Below -5° extra layers offer diminishing comfort, especially if there’s wind raking the numbers even lower. Air feels like cold liquid. Effort doesn’t generate heat that makes it to the surface or extremities. During 90 minutes of riding, once the initial warm-up buffers against the cold, it’s a slow leeching of heat, sense, motors skills, thinking. My legs feel naked, my cheeks raw. The airport field empties somewhere around -5° also. A handful of runners, some uncomfortable commuters grinding towards heat death, if it’s sunny, one or two huddled out of the wind, sucking in what little warmth can be felt. The sun hangs low and weak above the horizon, far away. The air soaks up all its heat, passes none on.

I can feel my body locking into position, I try and shift more, get on the drops, get a little more aerodynamic, more forward and back on the saddle, occasionally stand up to shake some fatigue from my legs. All the while, nose goes drip, drip, drip. It’s a race between hypothermia and getting the laps in. Pretty bloody stupid.

Today, -6° and 25km/h wind flowing Finland and the Baltic, I tried to think into words the experience of getting through a session of this. Already I forget what it’s like. I remember arriving home, fingers and thoughts slushy and slow, getting into the shower to recover, after-care, kind of like a BDSM session, the very not pleasant ache of blood returning to the surface, and how cold, like cuts of meat from a butcher’s coldstore, my thighs and arse were.
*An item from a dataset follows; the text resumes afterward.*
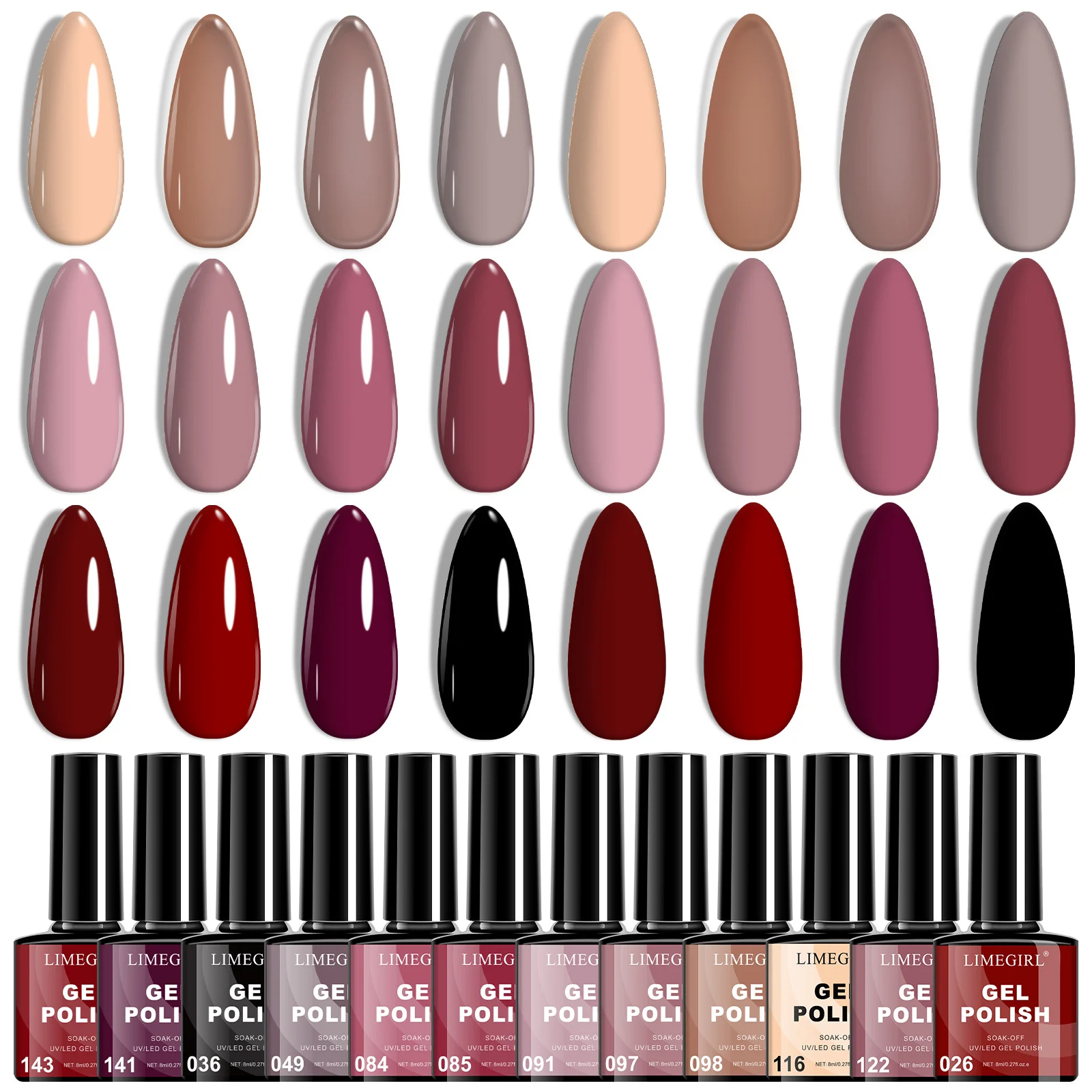 Gel Nail Polish Set Limegirl 12 Colors Soak Off UV LED Phototherapy Varnish Kit for Autumn/Winter Nail Art 4 gel nail polish set limegirl spu997803634611 desc 4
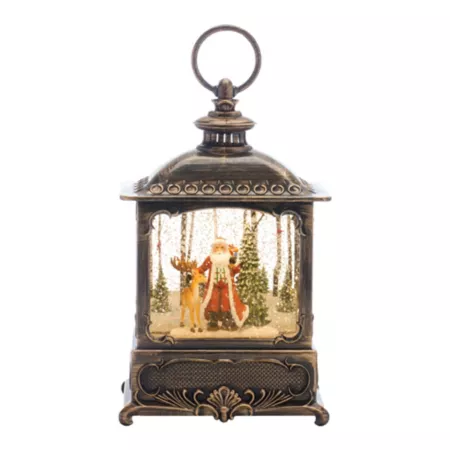 Melrose International LED Snow Globe Lantern with Santa and Deer 11.25" H Christmas Kitchen & Tabletop Decor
There’s a training measurement called Functional Threshold Power, which you find by hammering as utterly hard as you can for a full hour. There’s a shorter, 20 minute version which gives a more-or-less similar number, but somehow doesn’t conjure the grotesque horror of laying yourself out for 60 minutes. Even backing off for 10 seconds is enough for some recovery, and it becomes not so much a physical limit, as a mental one of meeting “Please stop!” with “Just one more.” for each pedal stroke and each breath, each inhale and exhale, and doing that for each minute and all those seconds. And that’s not to diminish the physical wretchedness, gasping like a walrus, feeling blood draining through legs, everything going jelly. I’ve never done the FTP test, mainly because it terrifies me, mentally I’m not sure I could remain so utterly consistent for a full hour. I might like suffering, but I only play in the shallows.

Back to the cold, then. Probably also playing. Like the heat, you can’t really train for cold. You can understand how one’s body and person responds to and behaves in decreasing temperature, build a familiarity, but actually train for it like training for hill climbing or cobblestone riding or riding muddy off-cambers? It’s like the death zone in mountaineering, over around 8000 metres where there’s insufficient oxygen to keep you alive. Once you’re in there, you’re dying, it’s just physiology and the day that determines how quick. Too hot or too cold, same thing, your body is shutting down.

I want to veer off into pleasure here. Thinking about where I scrape out grains of pleasure and ecstasy in my life. This suffering is pleasure. During and after. Each pedal stroke, one after the other, I find a way with enduring, persevering with discomfort. It becomes only me, my breathing, the cold and wet. I become untouchable. When I was a dance student, and in the years immediately after, I was trained in the ceaseless analysis of self dancing, like picking a scab. Climbing was an escape from this. I never asked questions too close to the ones dance worries incessantly: Why do I do this? How do I do this? Perhaps now I’m stronger in myself resisting questions like these. Not all acts must be subject to dissection and justification — but having maybe a certitude or confidence in doing these things without converting to language why or how — or even considering these questions relevant, I can think about what happens when I subject myself to discomfort.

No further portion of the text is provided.